Théme (http://www.youtube.com/watch?v=OlleM0sU7yg&feature=relmfu)
C'est un cri qui la réveilla. Un cri suraigue, qui eut le mérite de la faire grimacer comme une enfant contrariée. Le corps dissous de Ludmilla redevint celui d'une jeune femme, et elle atterit à nouveau sur ce matelas aussi froid et dur que le marbre, quittant à regret son statut d'étoile perchée hors de la réalité, au creux du cosmos. Son regard bondit vers la lucarne, là, à côté d'elle. Dehors, il faisait encore noir. La lune, dorée, dodelinait dans le ciel, et les étoiles semblaient s'entrechoquer silencieusement. La jeune fille remonta sa couette sur ses jambes, et se surprit à trembler. De froid. De peur. Elle n'en savait foutrement rien. Un battement de cils, et ses paupières se couchérent sur ses orbites. Puis ce cri résonna à nouveau dans cette immense salle, où dormaient tous les esclaves à vendre. Elle put sentir que certains remuaient sur leurs couches, intrigués et effrayés. Cette fois, elle se redressa carrément, cherchant à se diriger vers ce son inquiétant ... Mais elle tomba. Les liens à ses pieds, l'empêchait de remuer comme bon lui semblait. Elle serra les dents, s'emmitoufflant dans cette couette dont l'odeur la répugnait, lui rappelant celle de caves dans lesquelles elle avait pu se cacher, un jour, pour éviter des coups trop violents. Ludmilla secoua la tête. Cesse de penser. Il fallait qu'elle dorme. Cette nuit serait son dernier répit avant la vente.

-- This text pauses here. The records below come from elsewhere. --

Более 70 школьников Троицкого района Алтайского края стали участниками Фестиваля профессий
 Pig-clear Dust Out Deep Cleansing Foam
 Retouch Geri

Et bien, évidemment, elle ne parvint pas à se rendormir. Si bien que, le lendemain, lorsqu'à 7 heures, on installa les esclaves, enchainés dans des cages, sur le marché de Nexus, Ludmilla avait ce regard fuyant et épuisé propre aux insomniaques. Les mains et les pieds libérés de leur carcan, la petite s'agita dans cette cage bien trop grande pour elle. On aurait pu y faire tenir quatre comme elle en largeur, mais elle ne pouvait même pas tenir debout tant la cage était basse. Elle avait la sensation d'être un animal de foire, que l'on regarde en ricanant, à qui l'on jette des piècettes ou de la nourriture. Oubliant sa situation dégradante, la jeune fille prit la peine de bailler, quand son propriétaire s'approcha d'elle. Pour venir clouer, sur le devant de la cage, une pancarte. Les coups de marteau la firent couiner, tant la cage remuait, tant elle en était assourdie. Son unique réflexe fut de se replier sur elle-même, au centre de la cage, en espérant que cela cesse vite. Et cela se conclua sur un coup de pied rageur de son propriétaire, qui fit remuer violemment le carcan tout entier, et Ludmilla par la même occasion.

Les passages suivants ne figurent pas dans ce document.